First, even at 10 am when the RBI announced that the governor would deliver a statement at 2 pm, the guess by a reluctant 50 percent of the economists polled was a 25 bps hike in repo rate at worst or a CRR (cash reserve ratio) hike. The actual package packed much more dynamite.
It is clear the RBI wants to convey that the inflation situation is very serious, hence the choice of a mid-cycle hike. Heavens wouldn’t have fallen if RBI had waited till the June 7 policy, but the central bank wanted to make a point by announcing the hike mid-cycle — that it is dead serious about inflation.
The critics ask, "Why not in April, then?" Perhaps the RBI was bound by its own word. It had said several times that the turn in the rate cycle would be well-telegraphed. And hence it had to warn in April and then hike in May.
In fact, the central bank is conveying the urgency of the surging inflation in several ways: 1) The timing — can’t wait till June; 2) The extent of the repo hike — 25 bps not enough, at least 40 bps was needed for a bang off the first ball; and 3) A rate hike isn’t enough, crunching the quantity of money was also needed — hence the 50 bps hike in CRR to 4.5 percent.

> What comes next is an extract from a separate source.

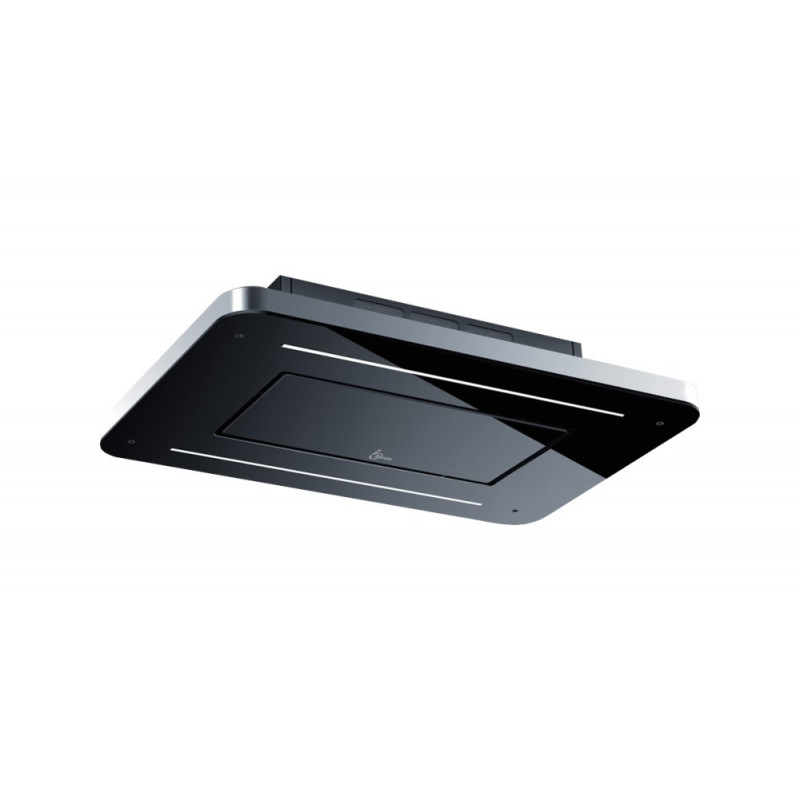 Baraldi Stivia free Cappa cucina da soffitto 90 cm Classe A 900 m3/h - Vetro Nero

CRR is the percentage of a bank’s deposits that it can’t lend but has to keep idle as cash. CRR hikes, hence, have higher impact because a bank’s cost of money immediately goes up as it has to keep more cash idle. Also it has a multiplier impact as banks have to keep an additional 0.5 percents of deposits idle on every new loan. So the net amount drained from the system is not just Rs 87,000 crore, but 2-3 times that number depending on loan growth.
The other reason for this unscheduled action by RBI could be that it is effort by the central bank and the Monetary Policy Committee (MPC) to show the Parliament that they are doing their job. The inflation targeting Monetary Policy Framework, in vogue since 2016, requires the MPC and the RBI to keep CPI at 4 percent, give or take two percentage points. That is, CPI cannot go above 6 percent for three quarters in a row. By this measure, most definitely by September, the MPC would have failed this test and would have had to write to the Parliament explaining why it failed and what steps it has taken to remedy the failure. The RBI and the MPC will now be able to explain to the Parliament that theyhave, indeed, taken timely steps.

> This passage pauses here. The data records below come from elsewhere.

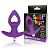 Фиолетовая анальная вибровтулка-сердечко с ограничителем - 8 см. от Bior toys
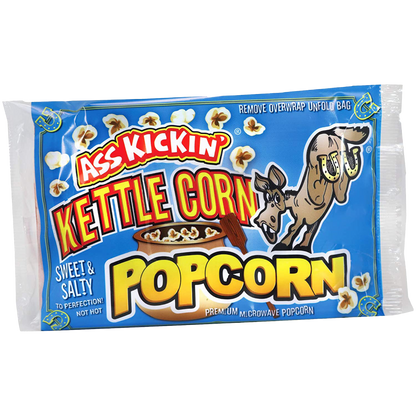 Ass Kickin’ Kettle Corn Popcorn: 12 Bags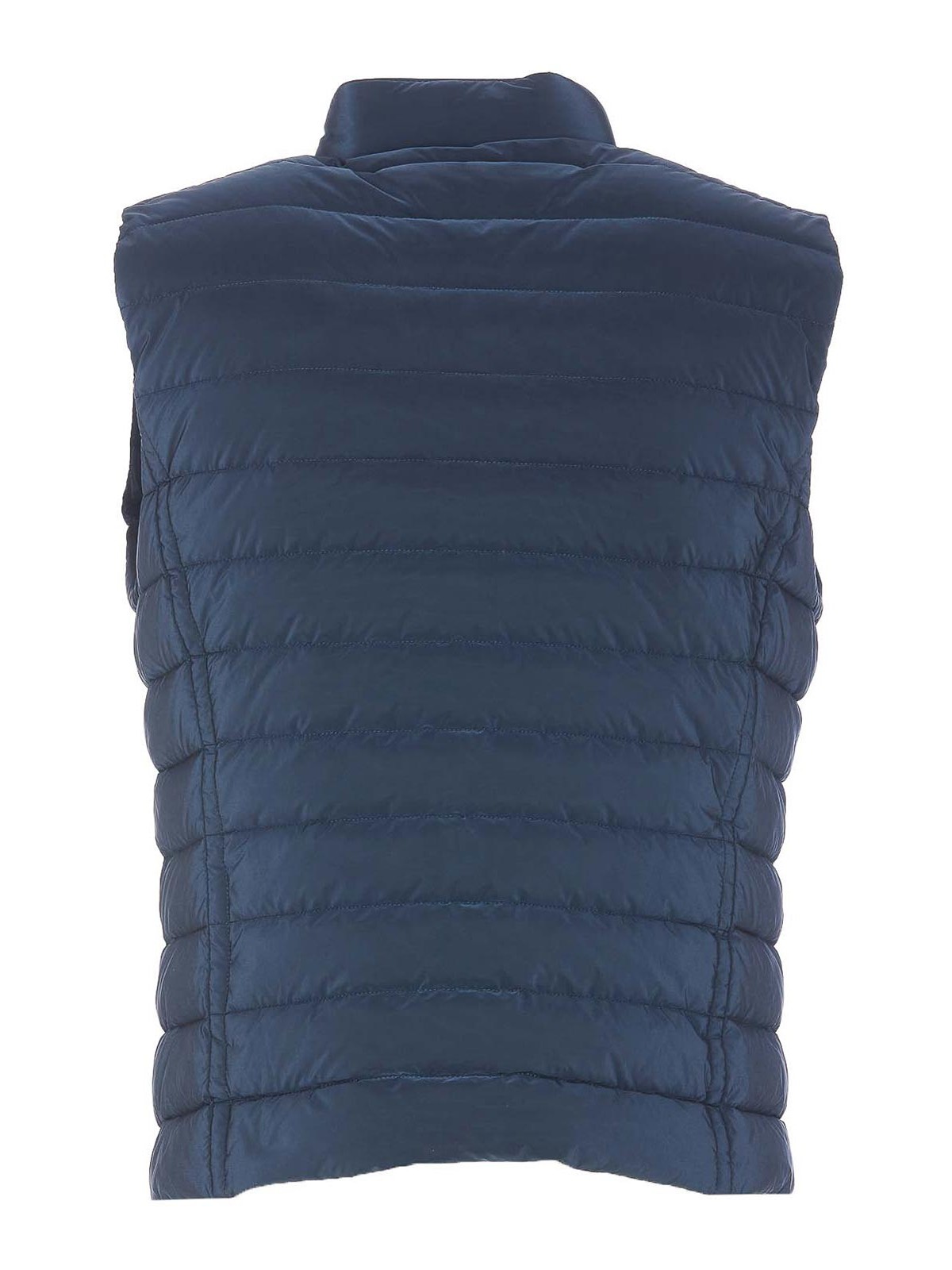 Shop Moorer Calaf Padded Vest In Blue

Another reason for the outsized hikes could be to send a message to foreign investors — the RBI is serious about inflation targeting. Often the mere narrative of the central bank being behind the curve can trigger higher foreign exchange outflows than warranted.
So what’s the impact of the RBI hike? Firstly, it won’t bring down inflation anytime soon, since much of the price rise in fuel and edible oils and dairy products and wheat is supply-driven. What the RBI's dramatic hike can do is to push up the cost of money and bring down secondary price hikes caused by inflation expectations, though this will take a while to take effect.
More immediately , it’s clear that inflation is worse than we thought. RBI usually has a good idea of the CPI by the last day of the month. The RBI’s emphatic action indicates that the April inflation is probably higher than the 7.3-7.5 percent that the street is expecting.
What about growth? Economists worry that all rate hikes will dampen consumption and investment, albeit marginally. But this may not be the case in the initial stages of the rate hiking cycle. In fact senior bankers point out that salaries are all set to rise at least 10 percent on an average, and much more for IT jobs. As long as the rate of rise in EMI (equated monthly instalments) is less than rate of salary hikes, loan demand is not dampened. So chances are the growth in realty sales and home loan demand may continue.
Likewise, the export growth due to global diversification from China, or still loose money in major economies, may keep exports ticking. The IT sector may likewise continue its hiring spree given that the demand for digitalisation will be unaffected by the rate hikes.
Any immediate hit to growth will come not from the latest rate hikes but from inflation, as it drives down company margins and consumption in the lower echelons.
The interest rate hit to growth may come a year or two later, especially if the US Fed rate hikes push up the global cost of money and Indian corporates have to fall back on Indian banks. By then, domestic rates may also have been pushed higher by successive RBI rate hikes and higher government borrowing to meet higher food and fertiliser bills.
For now, the upper part of India’s K-shaped economic growth doesn’t seem under threat. The RBI thunderbolt may cause some rain, but the economy should weather this storm for now.